HD 170873

Observation data Epoch J2000.0 Equinox ICRS
- Constellation: Telescopium
- Right ascension: 18^{h} 34^{m} 31.11856^{s}
- Declination: −52° 53′ 29.4756″
- Apparent magnitude (V): 6.20±0.01

Characteristics
- Evolutionary stage: red giant branch
- Spectral type: K2 III
- B−V color index: +1.27

Astrometry
- Radial velocity (R_{v}): 23.8±0.4 km/s
- Proper motion (μ): RA: −16.944 mas/yr Dec.: −42.325 mas/yr
- Parallax (π): 5.9179±0.0283 mas
- Distance: 551 ± 3 ly (169.0 ± 0.8 pc)
- Absolute magnitude (M_{V}): −0.31

Details
- Mass: 3.20±0.04 M_{☉}
- Radius: 22.6±1.2 R_{☉}
- Luminosity: 170±2 L_{☉}
- Surface gravity (log g): 1.86 cgs
- Temperature: 4,473±122 K
- Metallicity [Fe/H]: −0.01 dex
- Rotational velocity (v sin i): <1 km/s
- Age: 318^{+30} _{−31} Myr
- Other designations: 19 G. Telescopii, CD−52°8714, CPD−52°11158, GC 25324, HD 170873, HIP 91062, HR 6954, SAO 245559

Database references
- SIMBAD: data

= HD 170873 =

K-type giant; Telescopium

HD 170873, also known as HR 6954 or rarely 19 G. Telescopii, is a solitary orange-hued star located in the southern constellation Telescopium. It has an apparent magnitude of 6.20, placing it near the limit for naked eye visibility.
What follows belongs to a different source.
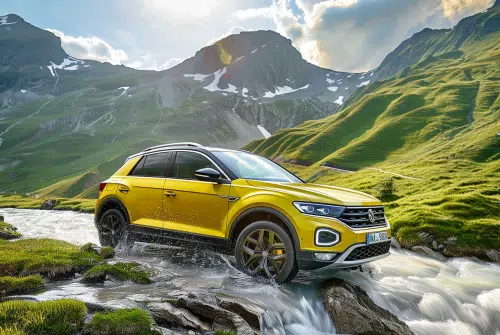 Exploration de la T-Roc hybride : une révolution dans l’univers des SUV Volkswagen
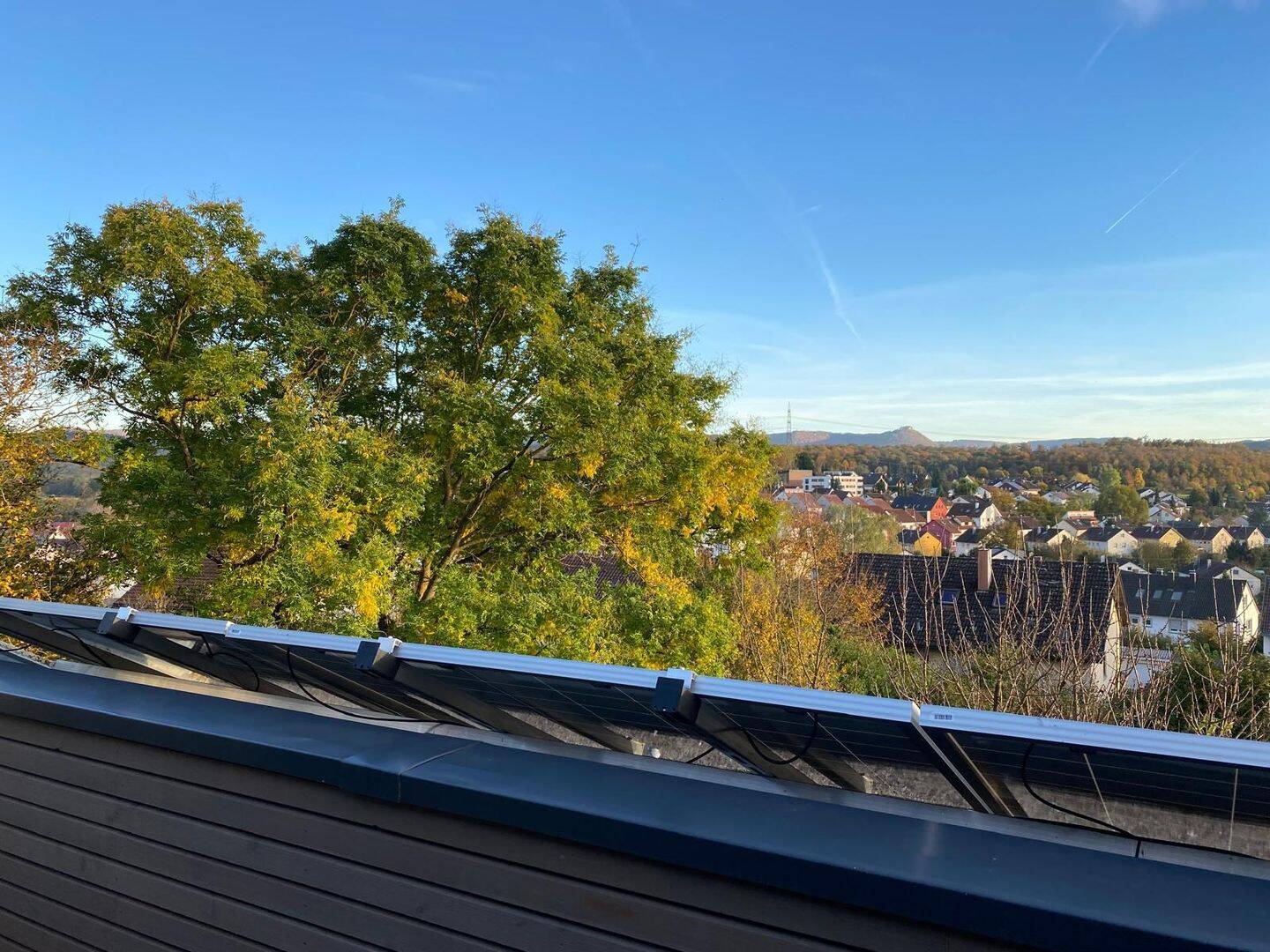 Helle 3,5-Zimmer Wohnung mit Balkon-Dachterrasse in Nürtingen, 72622 Nürtingen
Gaia DR3 parallax measurements imply a distance of 551 light years and it is currently receding with a heliocentric radial velocity of 23.8 km/s. At its current distance, HD 170873's brightness is diminished by 0.39 magnitudes due to interstellar dust, and it has an absolute magnitude of −0.31.

HD 170873 is an evolved red giant with a stellar classification of K2 III. It has 3.2 times the mass of the Sun but at the age of 318 million years, it has expanded to 22.6 times the Sun's radius. It radiates 170 times the luminosity of the Sun from its enlarged photosphere at an effective temperature of 4473 K. It has a near-solar metallicity at [Fe/H] = −0.01 and spins too slowly for its projected rotational velocity to be measured accurately.